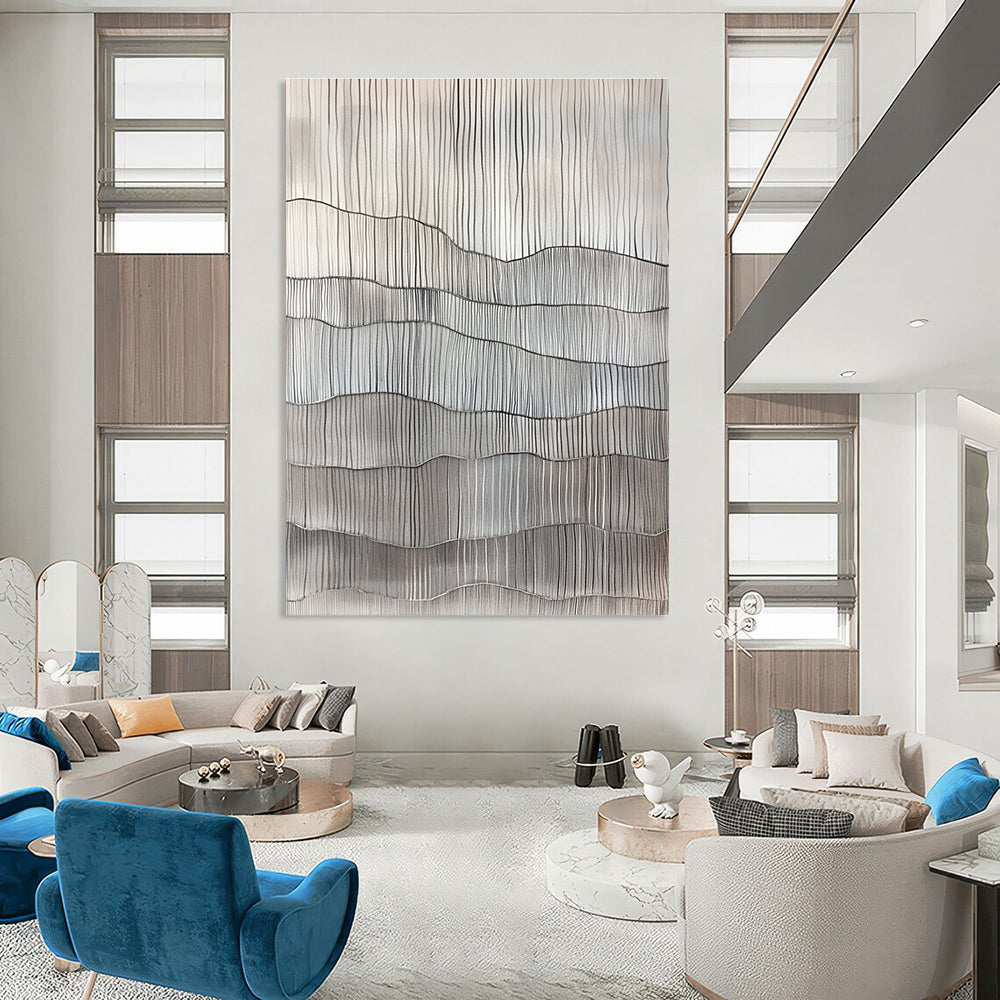 Wavy Line Textures Abstract Painting of Monochromatic Rhythms GAB0138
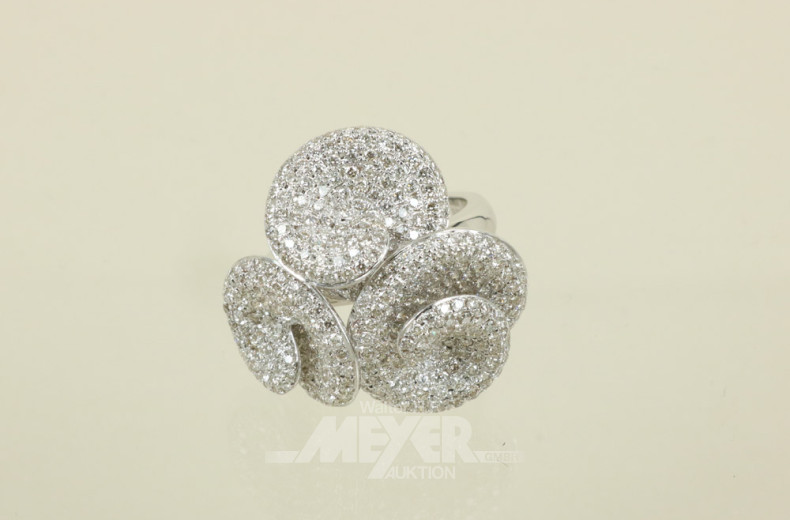 Damenring, 750er WG, blütenförmig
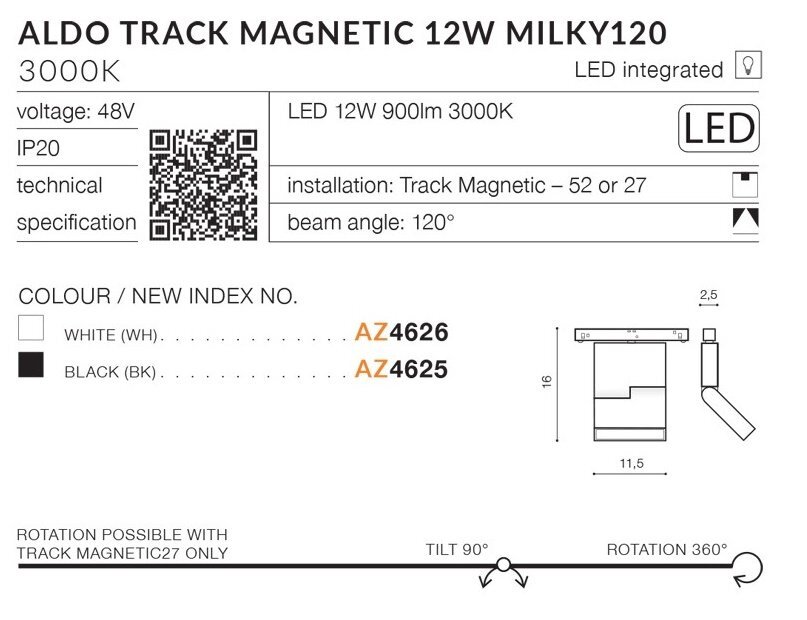 Obraz przedstawia specyfikację reflektora szynowego LED ALDO Track Magnetic 12W Milky120 o temperaturze barwowej 3000K. Zawiera informacje o napięciu 48V, strumieniu świetlnym 900lm, kącie świecenia 120°, oraz dostępnych kolorach: biały (AZ4626) i czarny (AZ4625).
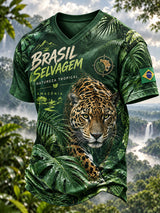 T-shirt de manga curta V-Neck masculino com estampas temáticas animais tropicais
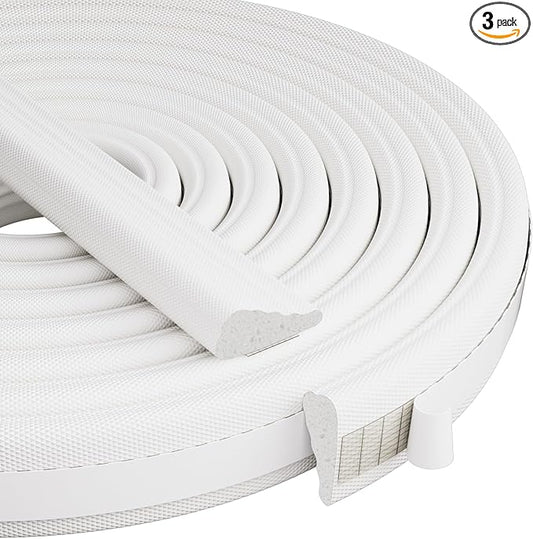 3Pcs×196" Wedge-Shape Foam Window Weather Stripping Door Seal Strip,Soundproofing Frame Insulation Tape for Exterior Front Door,Noise Cancelling Window Inserts,Door Gap Filler Light Blocker,White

- - - -

> **Exercise**:
Only the lines from the one containing "Obraz przedstawia specyfikację" through the final line of the records should be transcribed, exactly and with no pictures.

> **Exercise solution**:
 Obraz przedstawia specyfikację reflektora szynowego LED ALDO Track Magnetic 12W Milky120 o temperaturze barwowej 3000K. Zawiera informacje o napięciu 48V, strumieniu świetlnym 900lm, kącie świecenia 120°, oraz dostępnych kolorach: biały (AZ4626) i czarny (AZ4625).
 T-shirt de manga curta V-Neck masculino com estampas temáticas animais tropicais
 3Pcs×196" Wedge-Shape Foam Window Weather Stripping Door Seal Strip,Soundproofing Frame Insulation Tape for Exterior Front Door,Noise Cancelling Window Inserts,Door Gap Filler Light Blocker,White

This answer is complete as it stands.